Work request: Set the listing down again in full, word for word, with the pictures left out.

[Data excerpt]

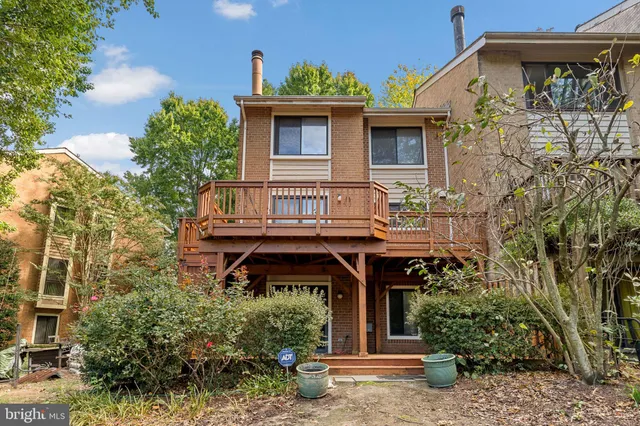 a view of a house with a small yard and plants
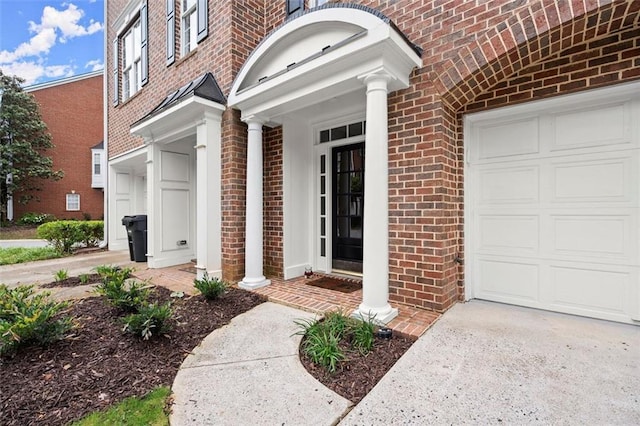 2303 Waters Edge Trl, Roswell, GA 30075 - view of exterior entry with brick siding, driveway, and an attached garage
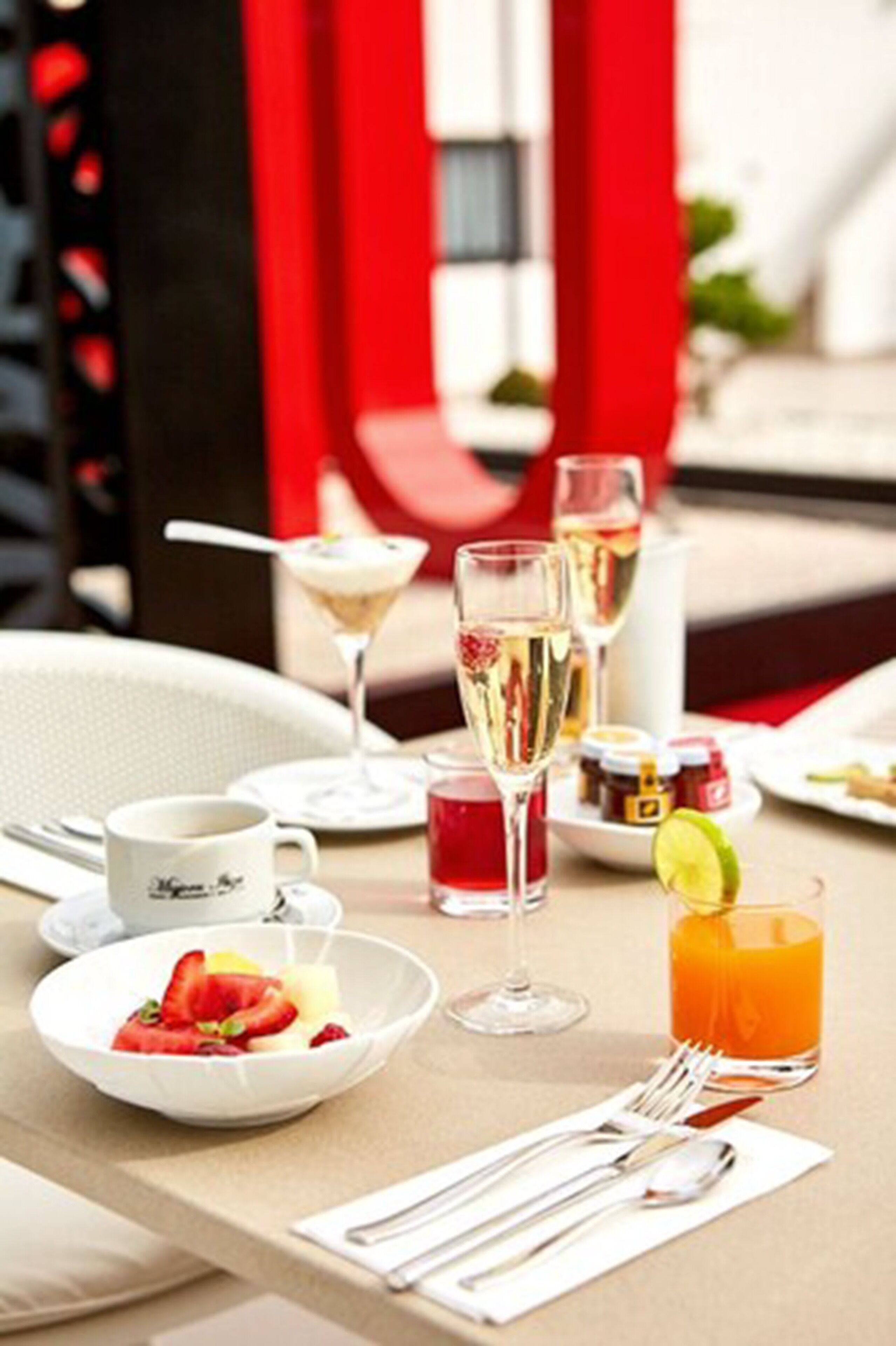 A table set with a bowl of fruit, a glass of orange juice, and a martini glass.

[/Data excerpt]

Exercise result:
 a view of a house with a small yard and plants
 2303 Waters Edge Trl, Roswell, GA 30075 - view of exterior entry with brick siding, driveway, and an attached garage
 A table set with a bowl of fruit, a glass of orange juice, and a martini glass.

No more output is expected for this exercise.